Onobrakpeya’s version of The Last Supper was awarded the Lali Katat silver medal at the 5th Indian Triennale in New Delhi in 1982. Inspired by the designs Onobrakpeya had created in 1967 for his murals in St. Paul’s Church, Ebute Metta in Lagos, the fourteen scenes that surround the supper are based on a series of linocuts that the artist made in 1969 after his original paintings. A set of these linocuts are also in Tate’s collection (The Fourteen Stations of the Cross 1969, Tate P82221–P82234). Typical of Onobrakpeya’s working practice, he has revisited this theme in several series of work, including a series of Last Supper plaster prints or ‘plastocasts’ in an edition of four. Two copies from this edition are with the artist in Niger Delta. One is in the Royal Collection of Morocco’s King Mohammed VI in Rabat; another is in regular liturgical use in a church in Lagos, Nigeria.

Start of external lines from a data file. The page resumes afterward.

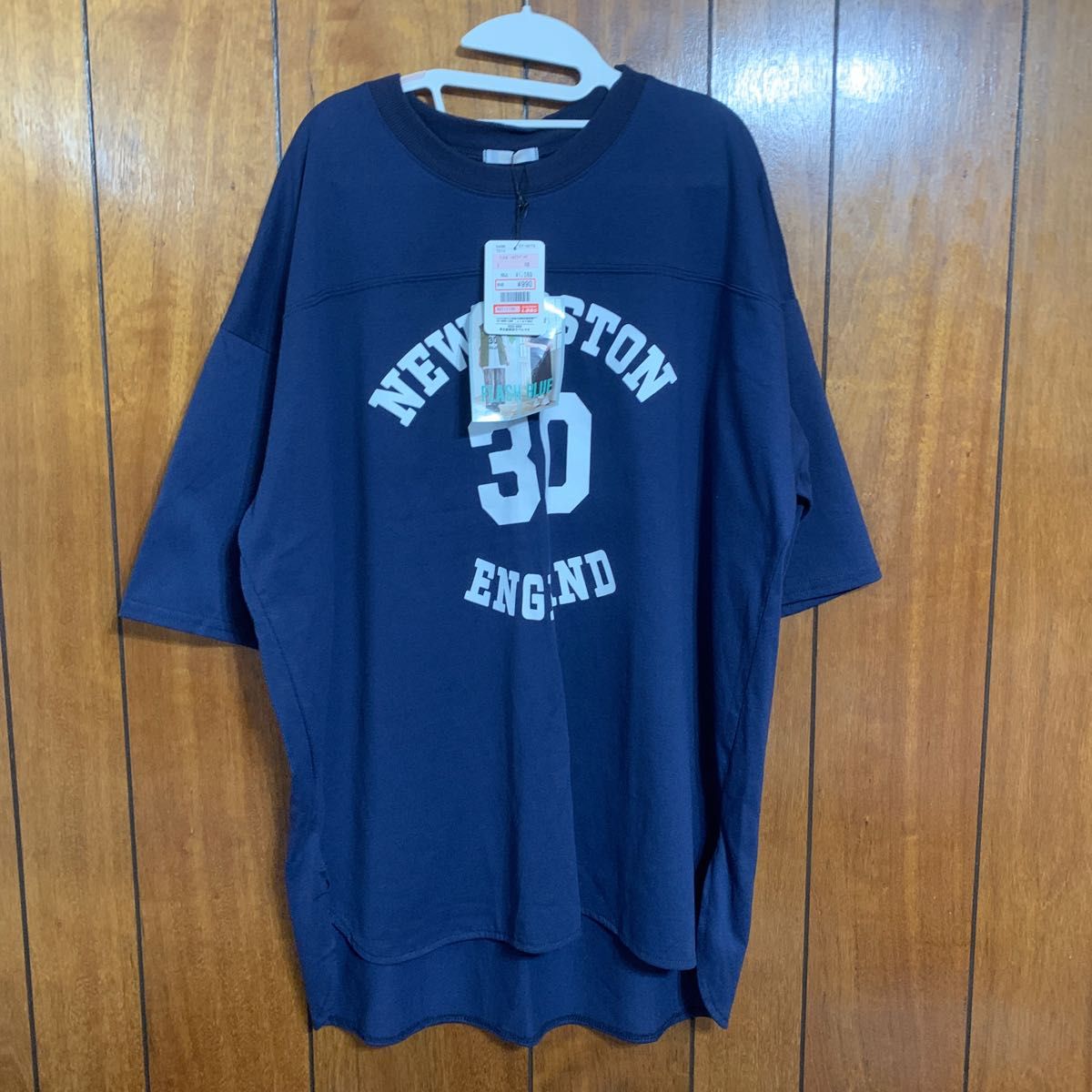 FlashBlueフットボールTシャツ7部袖　中紺ネイビー　M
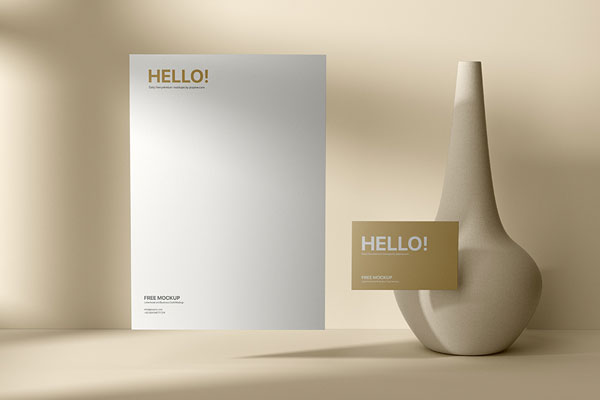 Facing View of Business Card Mockup with Letterhead FREE PSD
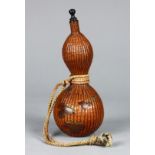 Japanese double-gourd hyotan bottle, 19th century, decorated with a moth, wasp and ivy leaves,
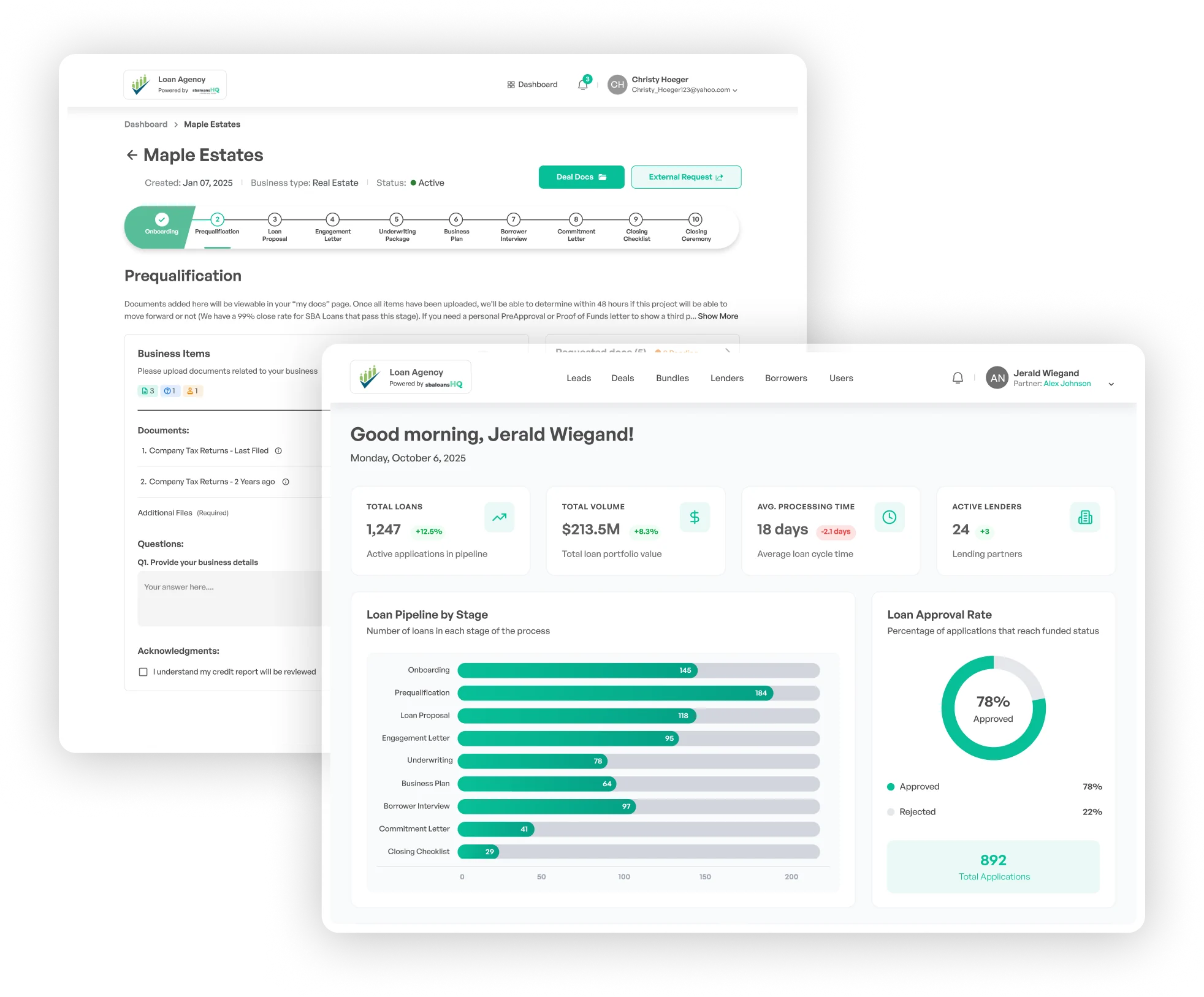 sbaloansHQ dashboard preview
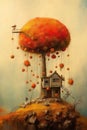 art painting of house and tree - Generative AI Royalty Free Stock Photo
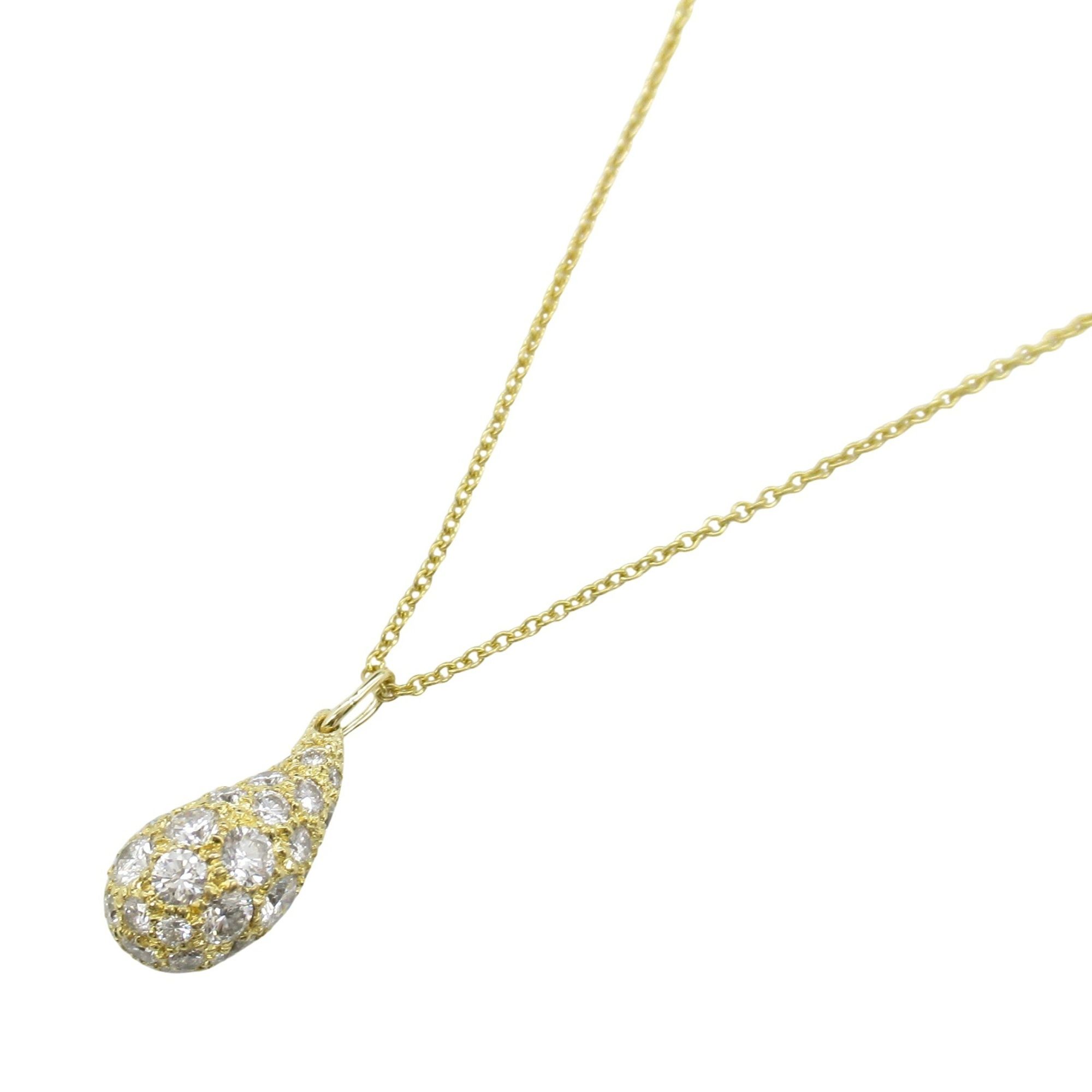 Tiffany & Co. Teardrop Diamond Necklace 18K (Yellow Gold) Ladies Clear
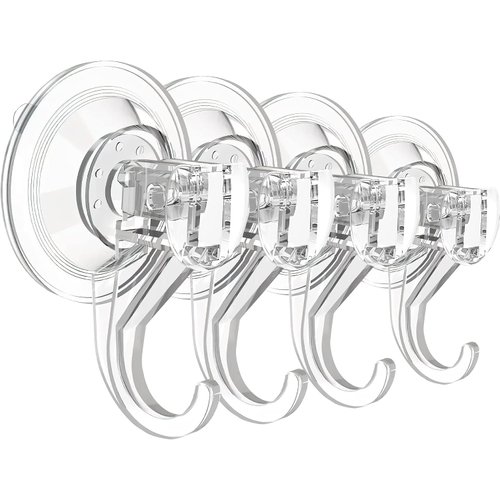 Yixty Wall Hooks 22lb(Max) Transparent Reusable Seamless Hooks,Waterproof and Oilproof,Bathroom Kitchen Heavy Duty Self Adhesive Hooks (SUTION Hook, 4PCS)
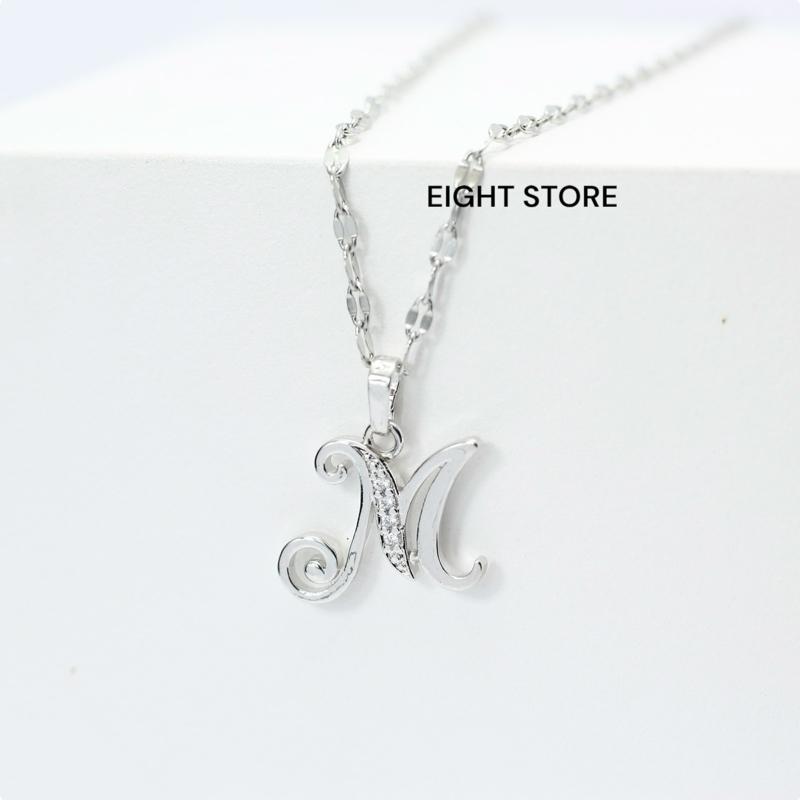 Kalung  Inisial Nama dari A sampai Z  Anti karat Dan Tidak Luntur (Kalung Pecah Kopi).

Nigeria’s foremost printmaker, Onobrakpeya is celebrated for his deep etchings as well as his plastocasts, of which The Last Supper is an example. His distinctive plastocast technique lies at the intersection of sculpture and printmaking and he has said of his practice:
I took advantage of the dynamics of printmaking and experimentation to manipulate the same motif or idea to produce different design effects. Tiny line engravings have been developed and transformed into low relief sculptures called plastocasts, in some cases, enlarged into bigger reliefs or paintings. In reverse, pieces which were finished as large pictures or prints have been re-examined in miniature gravures. This process of transformation, or if you like, a migration of a design from one artistic medium, size or combination, to another, is what I describe as ‘Nomadic’.
(Quoted in Temple Muse 2013, p.7.)
Further reading
Holland Cotter, ‘Bruce Onobrakpeya: Jewels of Nomadic Images’, in The New York Times, 16 November 2012.
Sandra Obiago, Bruce Onobrakpeya: Exhibition of Recent Prints, Paintings and Low-Relief Sculptures, exhibition catalogue, Temple Muse, Lagos 2013.
Dele Jegede (ed.), Onobrakpeya: Masks of Flaming Arrows, Milan 2014.